3rd August 2014
‘They say we die twice, the first time when our bodies die and the second when our name is remembered for the last time.’
It started with a dream, and then a letter from a person who had immersed herself in the history of the Heligan estate. When Candy Smit of the Lost Garden s of Heligan then contacted Bill Mitchell, Artistic Director and founder of WildWorks Theatre, little did they anticipate the journey ahead of them which would take so many people and whole communities along too.
What ensued was a dawn till dusk, continuous theatrical event that was a unique collaboration between a theatre company and a tourist attraction. 100: The Day our World Changed brought together community performers young and old, banner and bunting makers, brass players, singers, stewards, gardeners, historians, flower-growers and motorbike enthusiasts with Wildworks theatre makers and the Heligan team. Everyone exchanged knowledge, skills, memories and a shared vision to create a truly spectacular day of remembrance on the 3rd of August 2014 supported by a 6000 strong audience. Together, they relived and retold the lives of brave Cornish men from the parishes of Mevagissey, Gorran and St Ewe who went to war, and the families they left behind.
From the calling of names at the three war memorials in the stillness of sunrise to the arrival of a red-sailed lugger and the festivities and anticipations at Mevagissey harbour, the audience travelled through the village alongside ‘our’ boys and continued on to Heligan Gardens. Performers and musicians held everyone captivated throughout the afternoon, across the 26acre site in an extraordinary 1914 / 2014 world, set within a ‘living stage’ of sweeping fields, traditional practices and heart wrenching views. The Lost Gardens of Heligan had been turning back the hands of the clock for over a year and Heligan became an authentic, 1914 garden.
The audience watched the boys advance, cutting through the crowd and heading to the shadows in the valley below as a symphony of spoken memory. Sound, performance and pyrotechnics created an all-encompassing experience, both panoramic and intimate.
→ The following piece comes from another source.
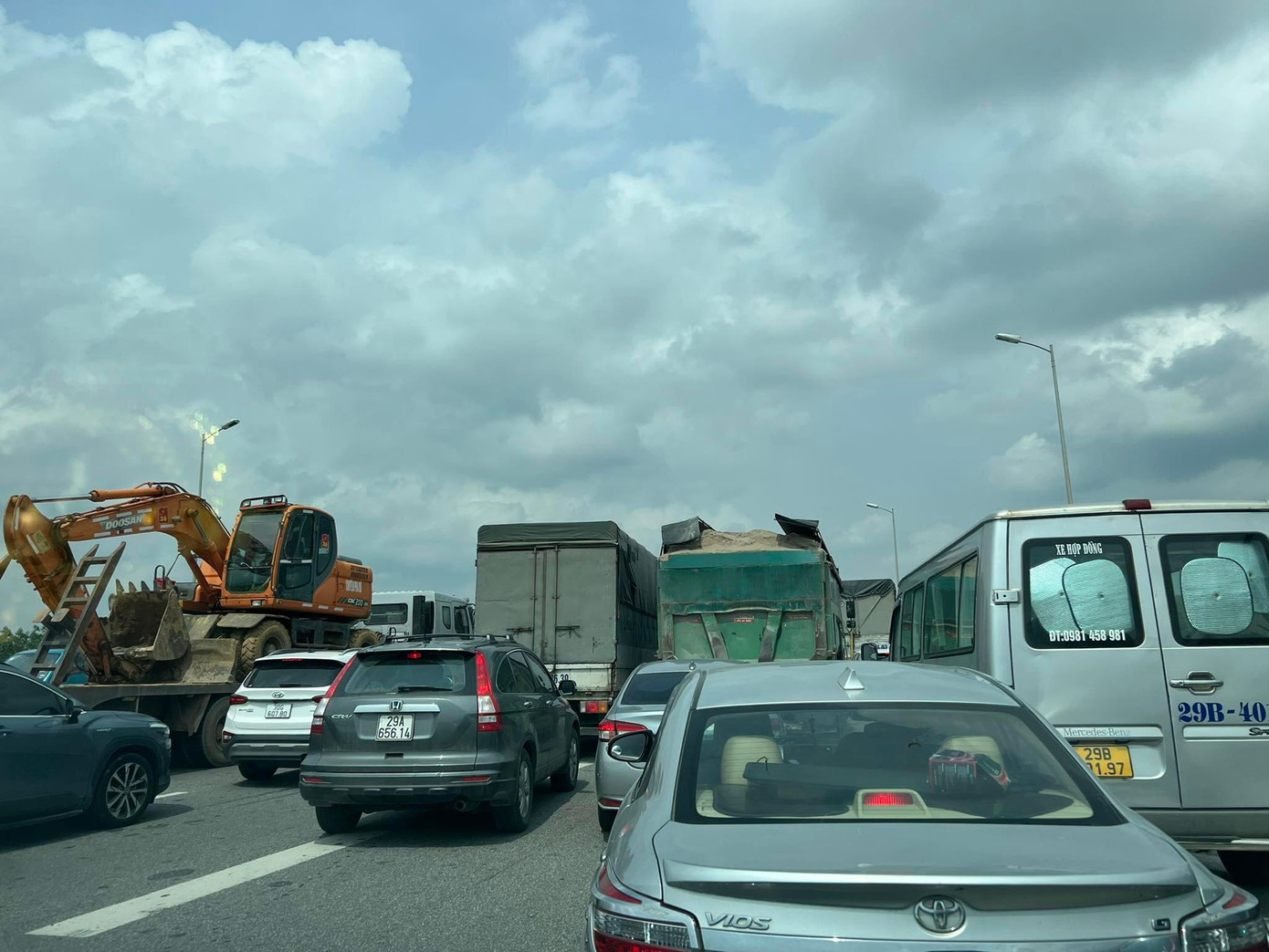 Đầu giờ chiều nay, đường vành đai 3 trên cao hướng Thanh Xuân – cầu Thanh Trì xảy ra ùn tắc kéo dài. Thời điểm 14h15, điểm ùn tắc bắt đầu từ đoạn đi qua khu đô thị Eco Green (Nguyễn Xiển) đến cầu Thanh Trì, kéo dài nhiều km. Trong ảnh: Hình ảnh ùn tắc giao thông nghiêm trọng trên cầu Thanh Trì vào đầu giờ chiều ngày 28/5.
“… it was at around half past three on the day of the performance that I finally, blood and guts, understood who my gardener was, then at the very end in the poppy field with my fellow spirits, I realised there was something very, very magical going on, which completely blew away my notions of what theatre should be.”
At the end of the day the audience stood in a field of poppies and wildflowers planted a year before by the Heligan gardeners. Entranced, for over an hour, they watched the lost men & women depart on their final journey, listening to their names being called in a silence only occasionally broken by families applauding the name of a great grandfather or uncle as a sign of affection and respect. An unforgettable day.